Ed elenca subito le priorità, come rivedere il criterio che regola il riparto delle risorse sulla base degli investimenti pregressi: «Per impedire - spiega - che chi è già all'inferno continui a sprofondare per scelte sbagliate che appartengono al passato e a un modo pulcinellesco di rappresentare il Mezzogiorno che non esiste più». Illustra il piano della Campania, tirocini e assunzioni per 10 mila giovani nella Pubblica amministrazione nel giro di due anni. «Questo progetto del lavoro - gli fa eco Musumeci - deve essere portato al tavolo nazionale. La partita si vince se creiamo un polo al di là delle appartenenze politiche». «Partiamo dai progetti sul lavoro in Campania e in Basilicata - sottolinea Pittella - e insieme costruiamo una piattaforma di contenuti per parlare al governo». Sulla stessa linea Oliverio: «Le regioni del Sud per esprimere le loro potenzialità hanno bisogno di negoziare con le istituzioni nazionali con un peso forte perché divisi non si incide». Un grande piano di investimenti pubblici è quello che reclama il governatore molisano Toma.

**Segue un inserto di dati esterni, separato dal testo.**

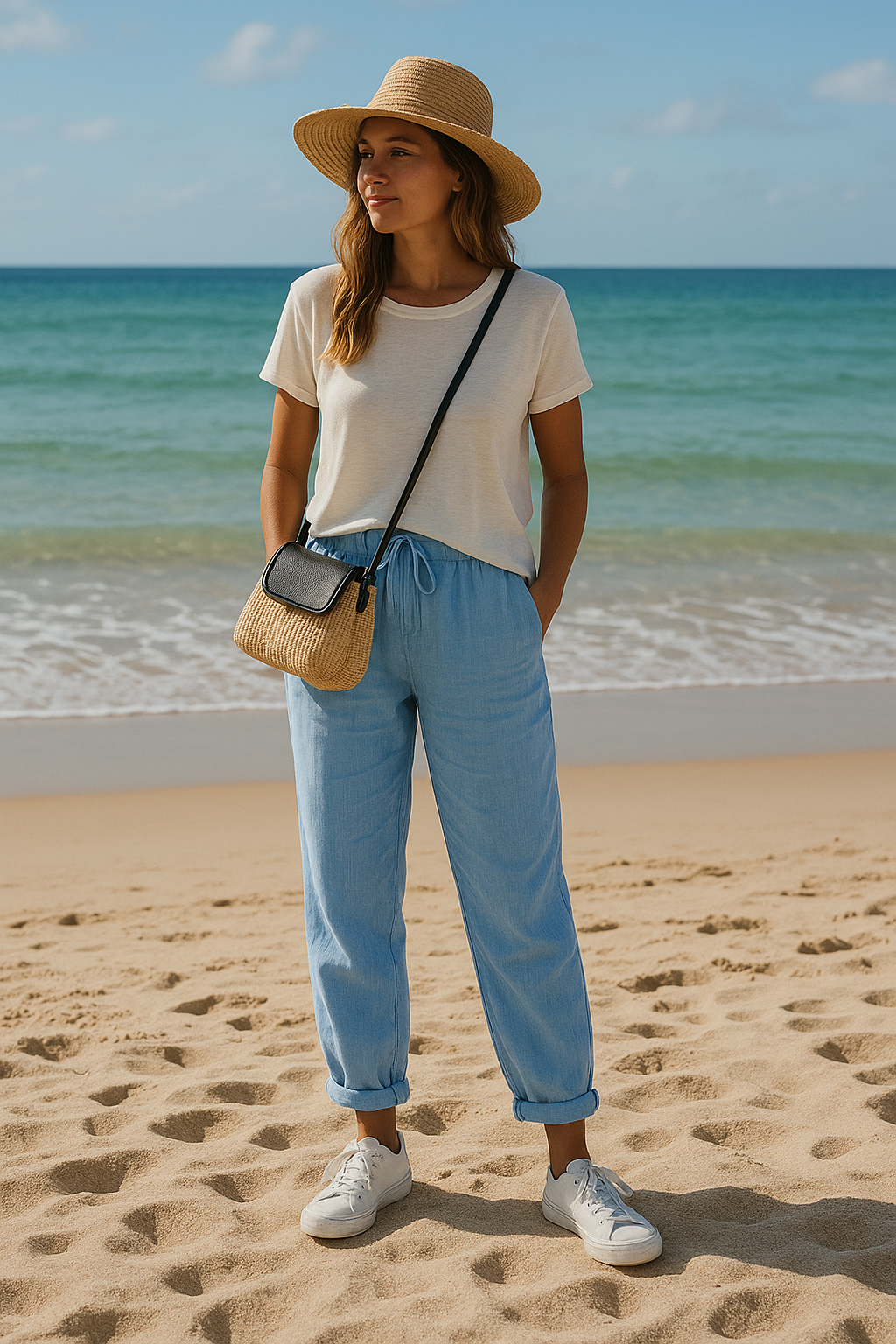 Livia - Stylish linen trousers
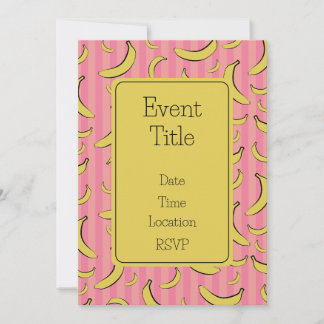 Banana Pattern Invitation
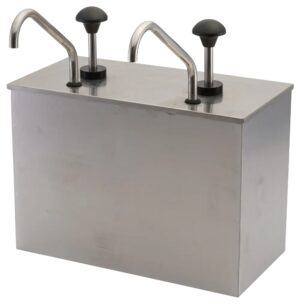 מיכל רוטב נירוסטה כפול 2X3 עם משאבה***13630023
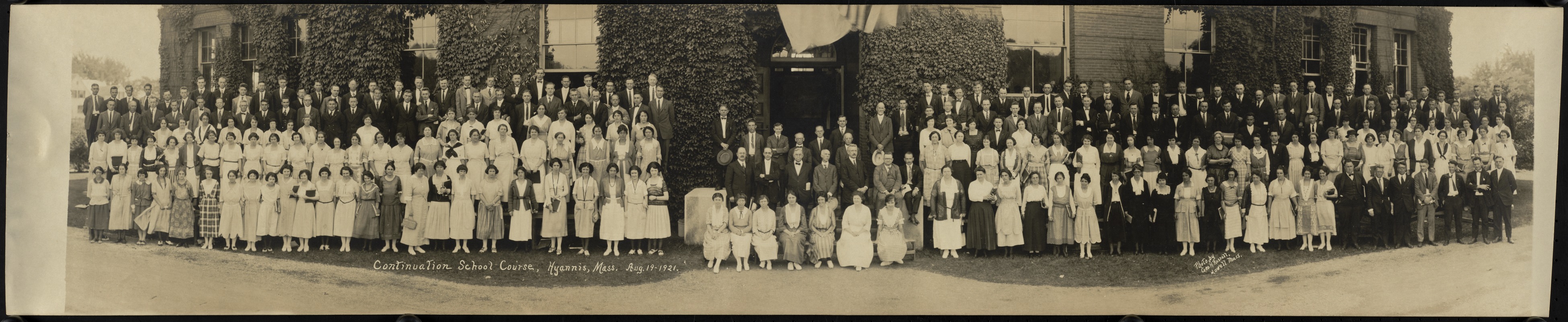 Hyannis Continuation School, Class of 1921, Hyannis, MA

Quanto al partito dei governatori, Musumeci certo non si tira indietro: «Se ne avverte l’esigenza - afferma -, non vedrei di cattivo occhio una forza politica capace di rappresentare le istanze del Mezzogiorno non in termini di sciocca rivendicazione. Lo dico - aggiunge il presidente siciliano - davanti ai colleghi del centrosinistra. In Italia c'è l’esigenza di dovere scomporre e ricomporre l’area del centrodestra, sarà inevitabile e fisiologico. E noi dobbiamo dare agli emarginati e ai non garantiti del Sud l’idea di rappresentarli attraverso un progetto sano e concreto. In questa scomposizione del quadro politico italiano, in cui inserisco anche il centrosinistra, c'è la possibilità di rappresentare le istanze del Sud che sono diverse da quelle del settentrione, anche per vocazione, del resto noi guardiamo al Mediterraneo e loro al Baltico». E Musumeci detta anche i tempi: «Certo una forza politica non nasce da oggi a domani, ma anche dai risultati elettorali emerge questa esigenza. Se ci vedremo tra qualche mese forse avremo qualche idea in più».